Одновременно это - и “ад” карнавально-мистериальный, составляющий своего рода фон-задник к пародийному эпизоду встречи Дон Кихота и Санчо с похоронной процессией в XIX главе первой части ( напомним, что первоначально он предварял эпизод встречи Дон Кихота и Санчо с козопасами ). Одни всадники в балахонах, сопровождающие мертвое тело, под ударами копьеца Дон Кихота разбегаются по полю “с горящими факелами в руках, похожие на ряженых, веселящихся ночью в дни карнавала”, а другие принимают Дон Кихота за дьявола, “явившегося из преисподней, чтобы похитить тело, лежащее на дрогах” ( сам же Дон Кихот считает, что дьявол попутал как раз его супротивников ). Содержащая этот эпизод глава завершается прибытием Дон Кихота и Санчо в пасторальный мирок - на луг, покрытый “мелкой свежей травой” и, как выясняется уже из следующей главы, расположенный на берегу реки. Связь пасторали и мотива «преисподней» прослеживается и в занимающем как раз эту, двадцатую, главу знаменитом эпизоде с сукновальными молотами, пародийно сориентированном на «Энеиду» Вергилия72, где в эпизоде нисхождения Энея в подземное царство также фигурирует образ ада, а сам спуск в него связан с мотивами испытания героя и обретения истины. Аналогично выстроен и важнейший из эпизодов “Дон Кихота” 1615 года - рассказ о спуске Дон Кихота в пещеру Монтесиноса.
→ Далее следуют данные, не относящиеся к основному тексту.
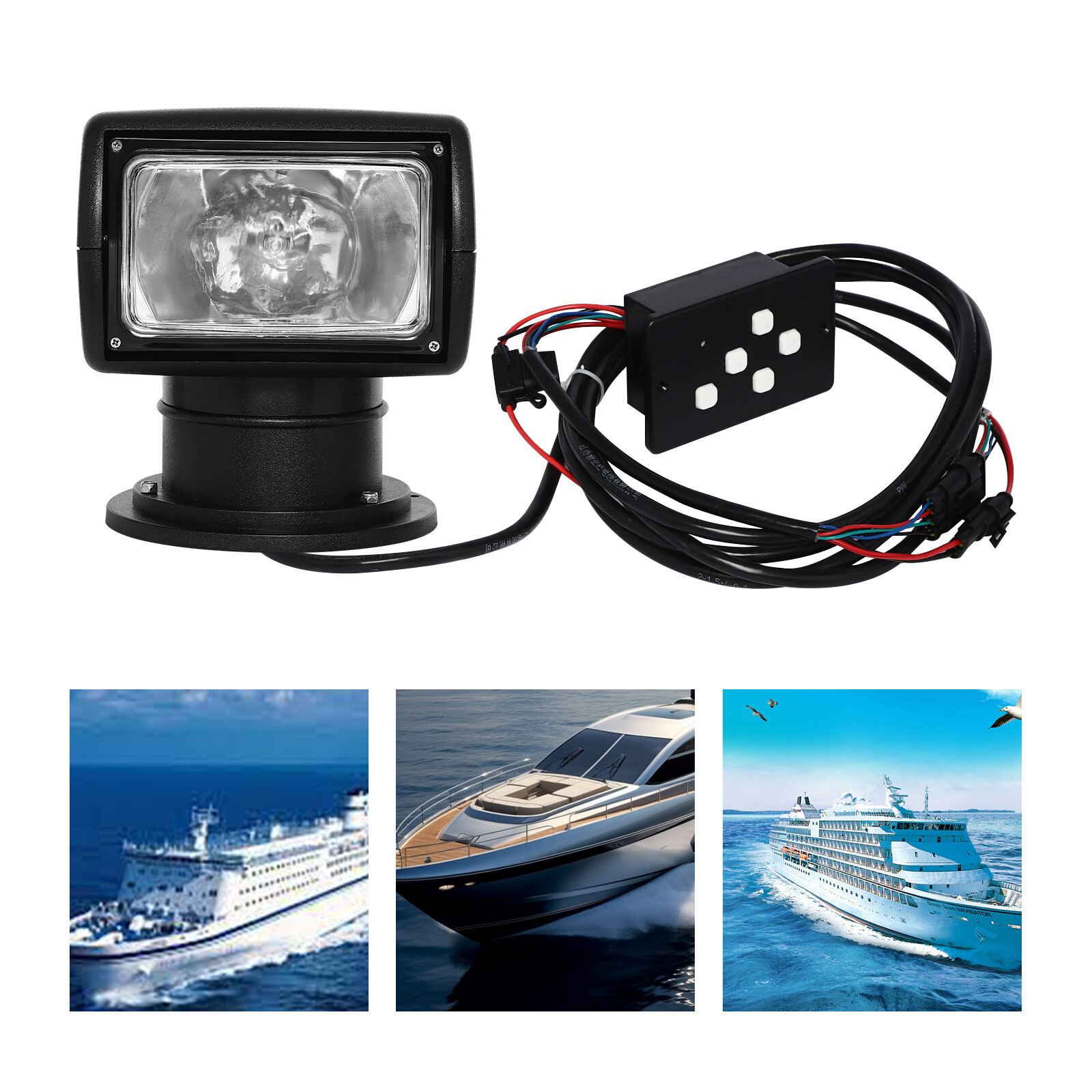 Searchlight Spotlight 360° Rotating Remote Control For Marine Boat Car 100W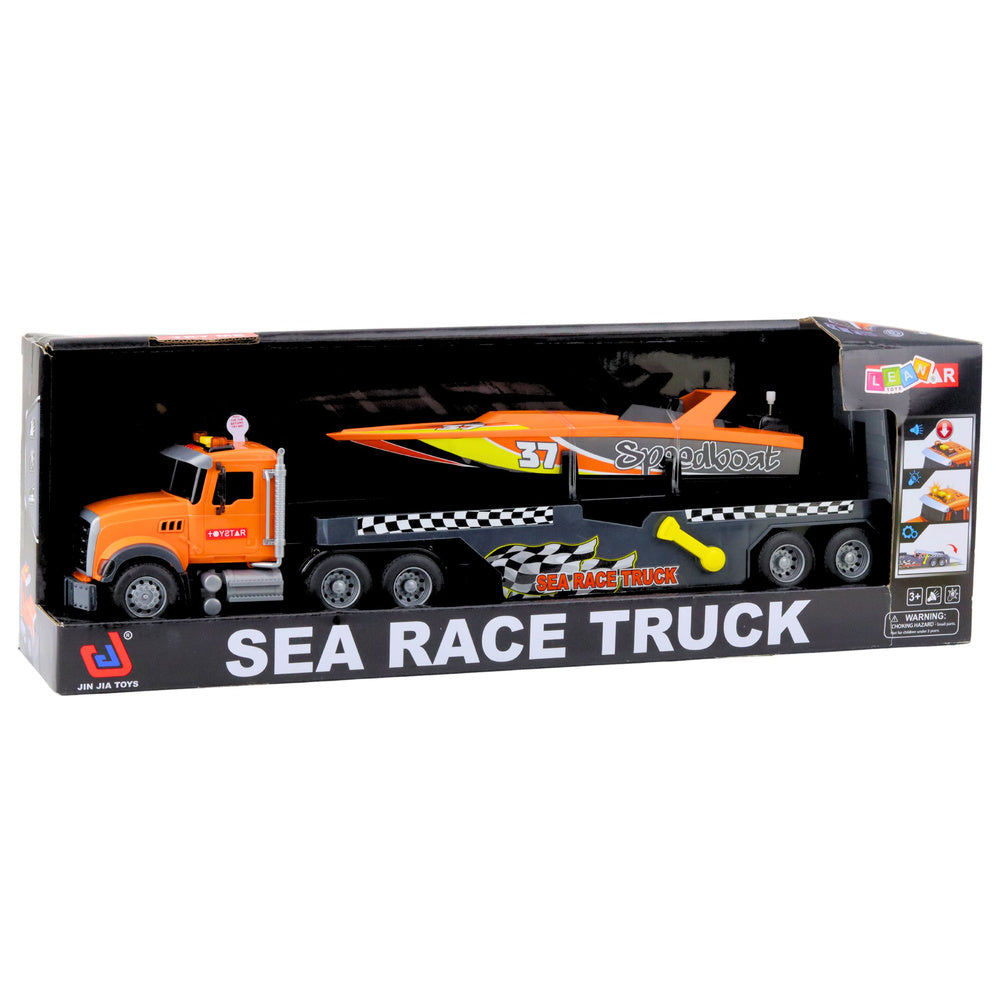 Truck with Wind-Up Motorboat Lights and Sounds Orange Set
Очевидно, что эти и ряд других эпизодов романа типологически принадлежат к мениппейной традиции, к “разговорам в царстве мертвых”, к архетипическому мотиву спуска в ад, связанного с просветлением сознания испытуемого, с его духовным восхождением73. Практически все они включают в себя развернутые речи Дон Кихота, его полемику с другими героями, в которых “свихнувшийся” идальго поражает слушателей логичностью и убедительностью своих рассуждений в границах принятого им отождествления рыцарского романа и истории, вымысла и реальности.

Пасторальные эпизоды второй части романа - свадьба Камачо ( гл.XIX-XXII ), "вымышленная Аркадия" - лежат в той же плоскости, что и основное действие, которое почти сплошь превращается в яркое, пышное представление, в розыгрыш, какой устраивают окружающие Дон Кихота персонажи в согласии с его иллюзиями. Одновременно, как отмечают Г.-Й.Нойшефер и многие другие критики, тускнеет воображение Дон Кихота, ослабевает его творческая и героическая инициатива: герой Сервантеса больше не принимает постоялые дворы за рыцарские замки, им все более и более овладевают меланхолия, усталость. Но происходит это постепенно. И самое любопытное, что два важнейших эпизода, связанных с прозрением-разочарованием Дон Кихота, в тексте романа следуют непосредственно за пасторальными эпизодами. Рассказ о свадьбе Камачо переходит в рассказ о спуске Дон Кихота в пещеру Монтесиноса, "вымышленная Аркадия" включает в себя одно из горчайших унижений, которому подвергается Дон Кихот ( эпизод со стадом быков, II, LVIII ), после которого перед ним вполне раскрываются вся трагичность и нелепость его положения. Таким образом, занимающий поначалу в воображении Дон Кихота довольно скромное место пасторальный миф по мере развития донкихотовской ситуации все более и более вытесняет собой рыцарский миф и ведет безумного идальго к прозрению. Пасторальный роман в композиции "Дон Кихота" - не только еще один вариант иллюзорного самоосуществления личности, но и средостение между миром героики и миром разочарования ( el desengaño ), к которому приходит в конце концов герой Сервантеса.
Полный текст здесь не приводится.